Configuration¶
ESA OpenSR relies on YAML files to control every aspect of the training pipeline. This page documents the available keys and how they influence the underlying code. Use opensr_srgan/configs/config_20m.yaml and opensr_srgan/configs/config_10m.yaml as starting points.
File structure¶
A typical configuration contains the following top-level sections:
Each section maps directly to parameters consumed inside opensr_srgan/model/SRGAN.py, the dataset factory, or the training script.
Data¶
| Key | Default | Description |
|---|---|---|
train_batch_size |
12 | Mini-batch size for the training dataloader. Falls back to batch_size if set. |
val_batch_size |
8 | Batch size for validation. |
num_workers |
6 | Number of worker processes for both dataloaders. |
prefetch_factor |
2 | Additional batches prefetched by each worker. Ignored when num_workers == 0. |
dataset_type |
ExampleDataset |
Dataset selector consumed by opensr_srgan.data.dataset_selector.select_dataset. |
normalization |
'sen2_stretch' |
Normalisation strategy applied to input tensors. Accepts a string alias or a mapping (see below). |
Normalization policies¶
The :class:~opensr_srgan.data.utils.normalizer.Normalizer centralises all
normalisation logic.
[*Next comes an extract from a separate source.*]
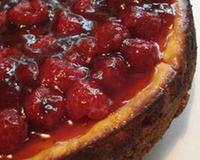 Délicieux gâteau qui change un peu! Prévoir de la préparer quelques heures voir un jour à l'avance.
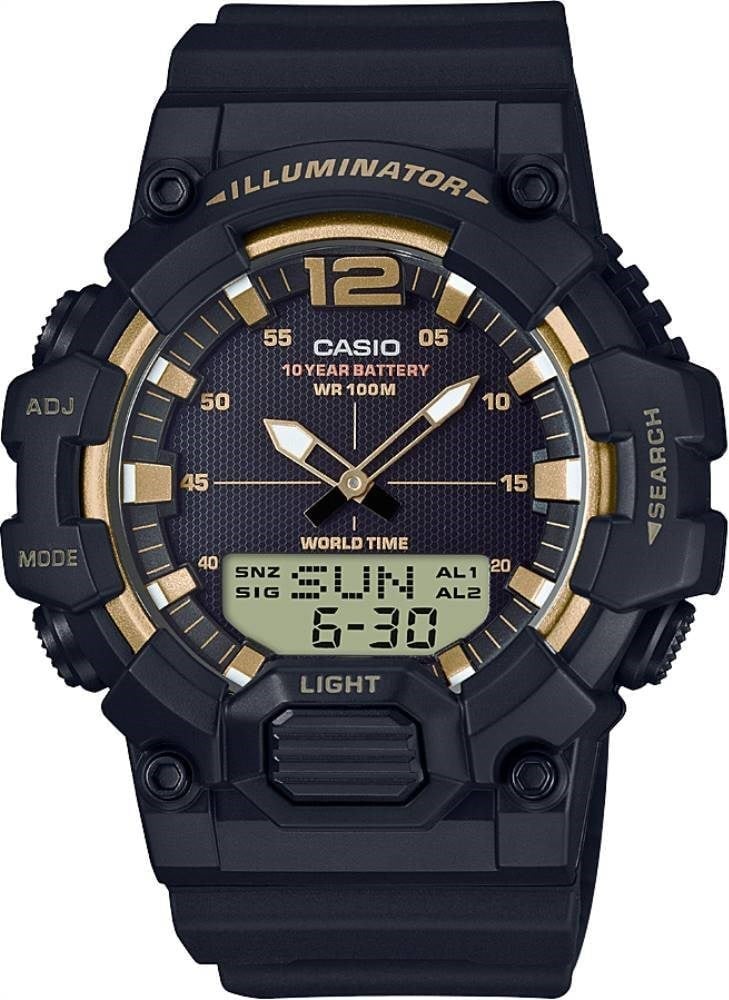 CASIO HDC-700-9AVDF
Pick one of the built-in aliases that matches your data:
| Method | Description |
|---|---|
sen2_stretch |
Multiply by 10/3 for a light Sentinel-2 contrast stretch. |
normalise_10k / reflectance |
Scale Sentinel-2 style 0–10000 reflectance values to [0, 1]. |
normalise_10k_signed / reflectance_signed |
Scale 0–10000 reflectance to [-1, 1] (/5000 - 1). |
normalise_s2 |
Symmetric Sentinel-2 stretch used during training (maps to [-1, 1] and back). |
zero_one |
Clamp incoming values to [0, 1] without otherwise changing them. |
zero_one_signed |
Convert [0, 1] inputs to [-1, 1] via the common tensor * 2 - 1 rule. |
identity / none |
Leave tensors unchanged (use when data is already normalised). |
Aliases such as reflectance, sentinel2, or zero_to_one map to the canonical
entries above. Call :meth:opensr_srgan.data.utils.normalizer.Normalizer.available_methods
to inspect the current list programmatically.
Using custom callables¶
When you need a bespoke policy, provide a mapping instead of a string. The normaliser will import and wrap your functions:
Data:
normalization:
name: custom
normalize: my_package.normalization:scale_to_unit
denormalize: my_package.normalization:unit_to_scale
# Optional keyword arguments applied when calling the functions
normalize_kwargs:
clip: true
The callables receive a single torch.Tensor argument and must return a tensor.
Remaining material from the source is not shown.